Summary of Review— In this comment, we suggest a potential answer to this conundrum. The upregulation of these factors may have been an evolutionary adaptation to limit brain injury during small hematomas (microbleeds). There is evidence that low levels of thrombin and heme oxygenase limit brain injury. In contrast, the excessive upregulation of these same factors may have a harmful effect after a large hematoma.
Conclusion— The mechanisms upregulated to limit brain injury after microbleeds may also induce injury after large hematomas. The effect of hematoma size on the mechanisms involved in ICH-induced brain injury and the implications of any such effect on clinical therapies merit further investigation.

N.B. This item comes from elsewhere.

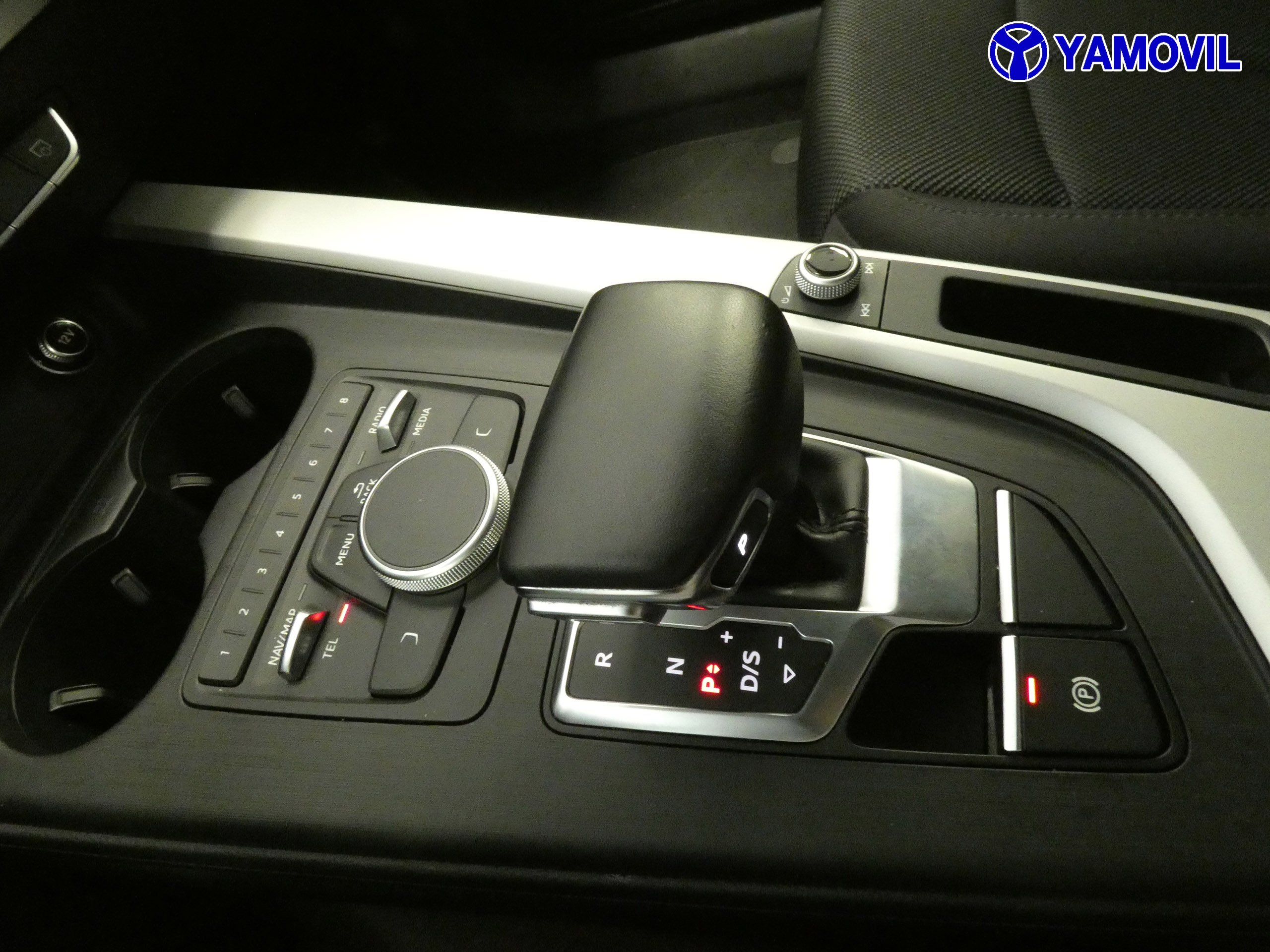 Audi A4 35 TFSI 2.0 HEV ADVANCE AUT. - Foto 33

Key Words: inflammation • iron • thrombin
During the past decade, animal experimentation has identified a number of pathways involved in intracerebral hemorrhage (ICH)-induced brain injury. Thus, evidence indicates that thrombin, produced during clot formation, is involved in ICH-induced brain edema and neurological deficits.1 Iron released from hemoglobin via the action of heme oxygenase (HO) is also involved in inducing brain injury,2 as is an influx of neutrophils,3 microglia activation,4 and complement activation.5,6 We have also recently found that another iron-containing component of the hematoma, holo-transferrin, in combination with thrombin can induce injury at concentrations, whereas neither alone causes injury.7
It is interesting to note that many of the pathways that are implicated in ICH-induced brain injury are actively enhanced during ICH. Thus, whereas thrombin is actively generated during clot formation, there is also a very marked induction of HO-1 after ICH.2 There is also an influx of neutrophils and other white blood cells into the brain after ICH.4 The movement of such cells from blood to brain after brain injury involves the upregulation of a variety of molecules involved in the adhesion of white blood cells to the cerebral endothelium, their transmigration, and their direction to the site of injury.8 Elements of the complement system are upregulated in the perihematomal region,5 whereas there is extensive microglia activation, with an upregulation of a number of cell surface proteins, especially in aged animals.4,9 In the case of the interaction between thrombin and holo-transferrin, it appears that thrombin facilitates the intracellular uptake of iron from holo-transferrin7 by upregulating levels of the transferrin receptor in parenchymal cells.10
In all, these data suggest a scenario whereby ICH actively (in terms of protein upregulation) induces pathways that result in brain injury. This raises the question as to why this should be the case. In this article, we hypothesize that whereas activation of these pathways is deleterious after a large ICH, activation of the same pathways may actually be protective in the setting of small hematomas.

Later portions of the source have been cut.